56 L’employeur a soutenu qu’il y avait lieu d’examiner la nature précise du travail que Mme Landriault disait effectuer lors de son témoignage. Dans la branche de la classification, elle a dit qu’elle récupérait les dossiers de classification dont elle avait besoin pour effectuer son travail de dotation, lorsque l’adjoint spécialiste en ressources humaines travaillant à la classification était occupé. Elle n’a toutefois pas affirmé qu’elle exerçait l’une ou l’autre des fonctions principales liées à la classification des postes. Elle a également affirmé qu’elle consacrait du temps au calcul des salaires en lien avec les lettres d’offres, affirmant qu’il s’agissait là d’un travail en lien avec la rémunération. Le fait est que ce travail est reflété dans sa description de travail. Elle a également témoigné qu’elle travaillait dans le secteur de l’équité en matière d’emploi, parce qu’elle colligeait des statistiques devant servir à la production d’un rapport utilisé à des fins d’analyse, mais que ce travail relevait purement des fonctions de la dotation.

57 L’employeur a souligné que la description de travail des fonctionnaires était une description de travail générique, de portée nationale, et qu’elle n’avait pas à être détaillée. La description de travail exposait, en termes généraux, les fonctions décrites par les fonctionnaires. À titre d’illustration, à la rubrique intitulée [traduction] « Connaissances contextuelles », il est indiqué que les fonctionnaires devaient connaître les processus des divers secteurs des ressources humaines, pouvoir repérer les différentes sources d’information, et pouvoir appliquer cette information. Il est également indiqué dans la description de travail que les fonctionnaires devaient posséder des connaissances sur diverses dispositions législatives, notamment celles ayant trait à l’équité en matière d’emploi. La collecte de données est également une tâche clairement indiquée dans la description de travail de leurs postes.

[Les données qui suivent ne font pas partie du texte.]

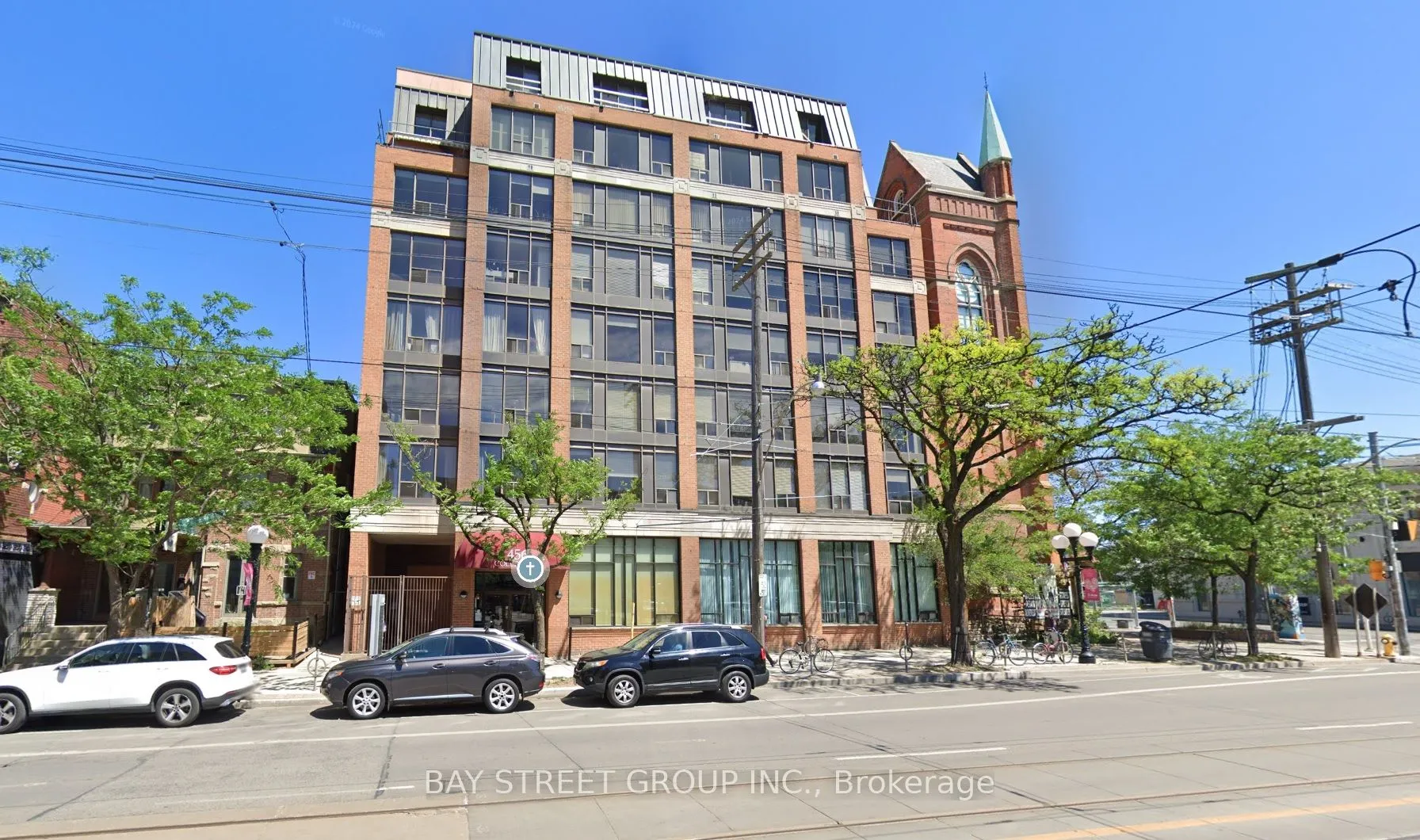 Property For Lease | C13225184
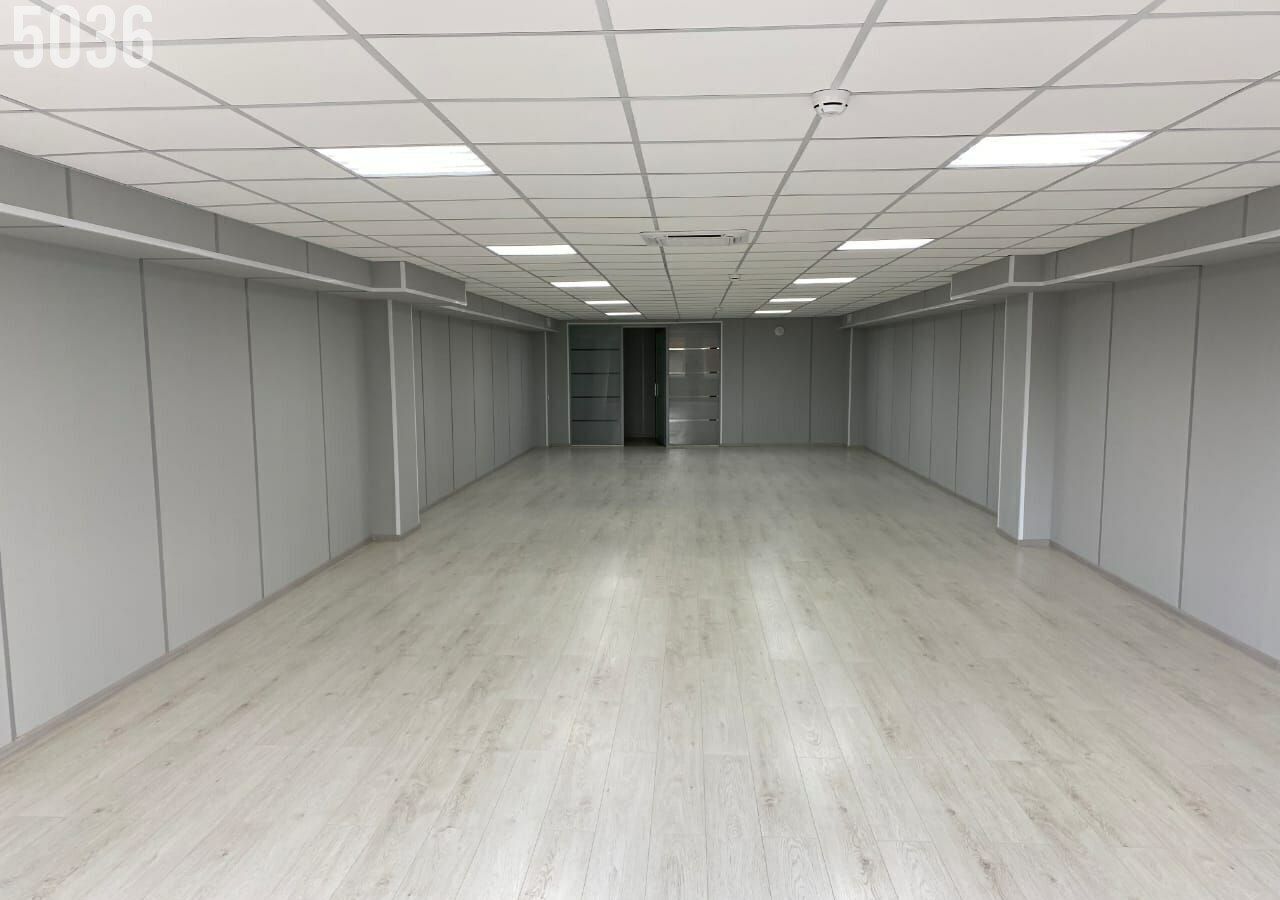 офис г Москва метро Семеновская ул Ибрагимова 31к/50 фото 8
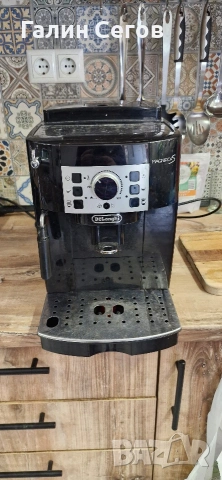 Delonghi Magnifica S за части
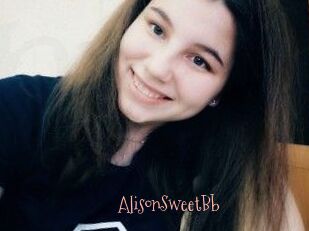 AlisonSweetBb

58 L’employeur a soutenu qu’il incombait aux fonctionnaires de démontrer les lacunes de leur description de travail, ce qu’elles n’ont pas fait. Par conséquent, elles ne se sont pas acquittées du fardeau de la preuve qui leur incombait et leurs griefs doivent être rejetés. Toutefois, dans l’éventualité où leurs griefs seraient accueillis, l’employeur a soutenu, invoquant Coallier, que le redressement devrait être limité à la période de vingt-cinq jours précédant le dépôt des griefs.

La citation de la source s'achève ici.